## Required action
Starting at the first line of the entries, extract each line up to and including the one that contains "Tree & Shrub", but leave out the pictures.

## Records provided

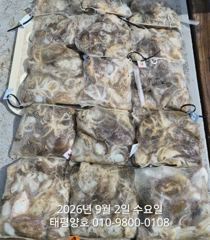 ★★ 9/2 [군산 대일피싱]    태평양호   쭈꾸미 조황 !~ 내일  8자리있습니다.  사진
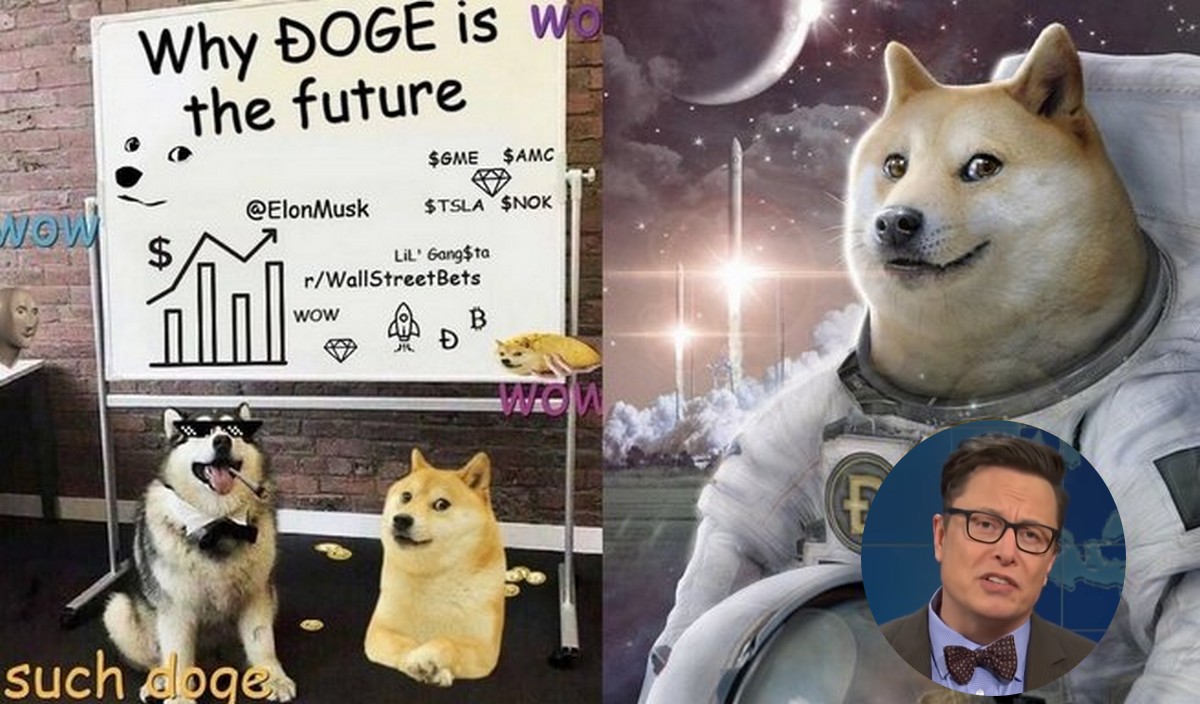 Elon Musk wysyła na Księżyc satelitę sfinansowaną za Dogecoiny - DOGE-1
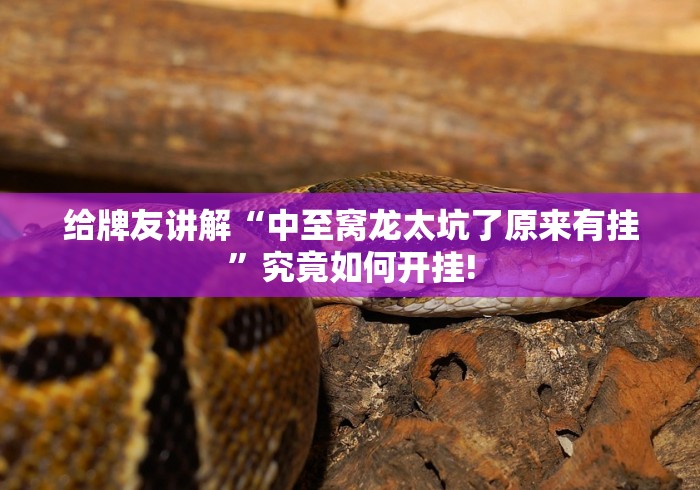 给牌友讲解“中至窝龙太坑了原来有挂”究竟如何开挂! 给牌友讲解“中至窝龙太坑了原来有挂”究竟如何开挂!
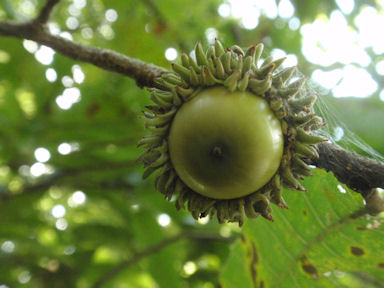 f:id:chuumeikun:20161204142825j:plain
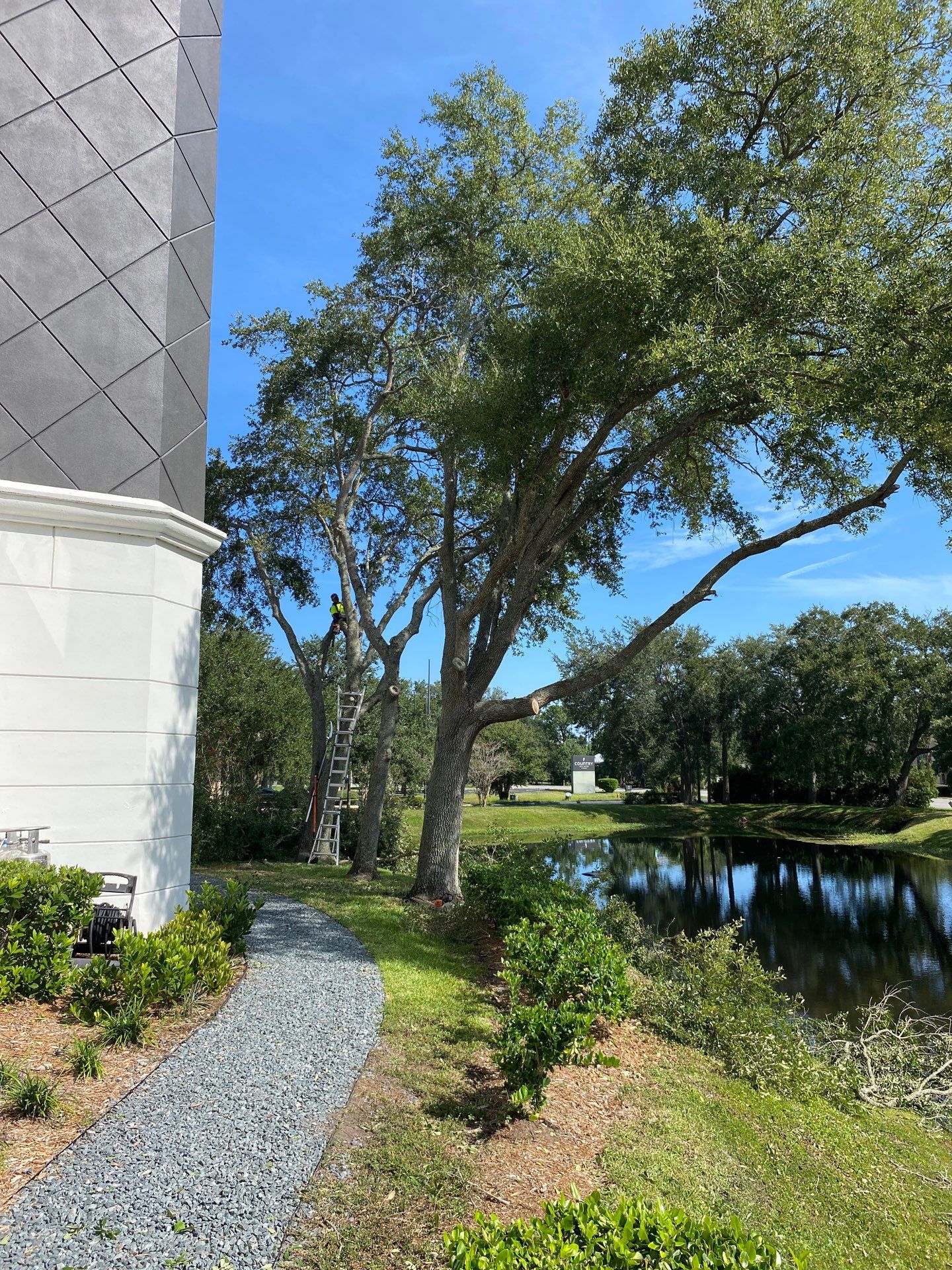 Tree & Shrub Removal | Marriott Hotel by ProGreen Services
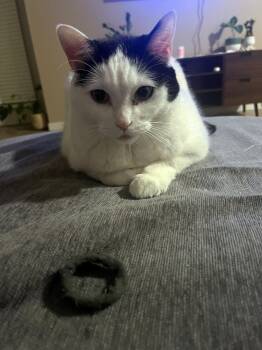 FERN #1737 - Offered by Owner - Sweet Senior -  Domestic Short Hair Cat for Adoption in Hillsboro, Oregon - FERN #1737 - Offered By Owner - Sweet Senior | PetCurious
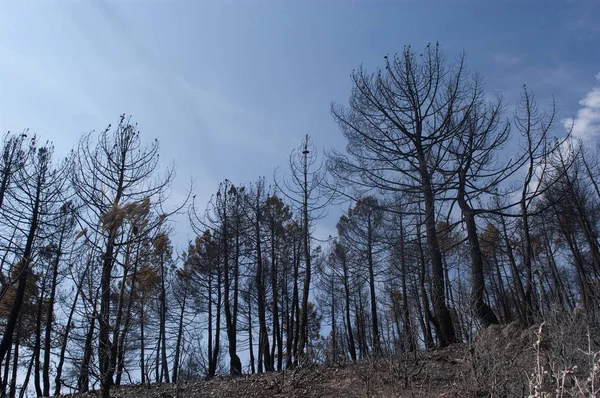 Erdő Tűz Pinus Pinaster Guadalajara Miután Tűz Spanyolország — Stock Fotó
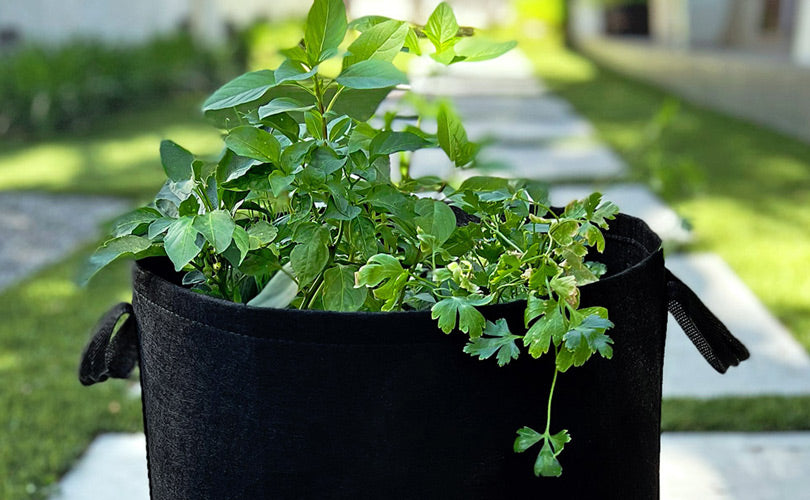 Portable Gardening with Grow Bags - Carolina Country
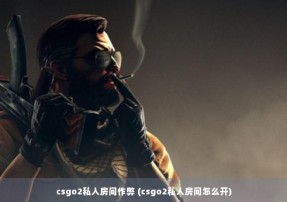 csgo2私人房间作弊 (csgo2私人房间怎么开)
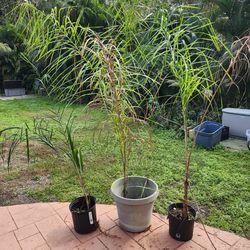 Queen Palm Trees GREAT DEAL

## Answer to the exercise
 ★★ 9/2 [군산 대일피싱]    태평양호   쭈꾸미 조황 !~ 내일  8자리있습니다.  사진
 Elon Musk wysyła na Księżyc satelitę sfinansowaną za Dogecoiny - DOGE-1
 给牌友讲解“中至窝龙太坑了原来有挂”究竟如何开挂! 给牌友讲解“中至窝龙太坑了原来有挂”究竟如何开挂!
 f:id:chuumeikun:20161204142825j:plain
 Tree & Shrub Removal | Marriott Hotel by ProGreen Services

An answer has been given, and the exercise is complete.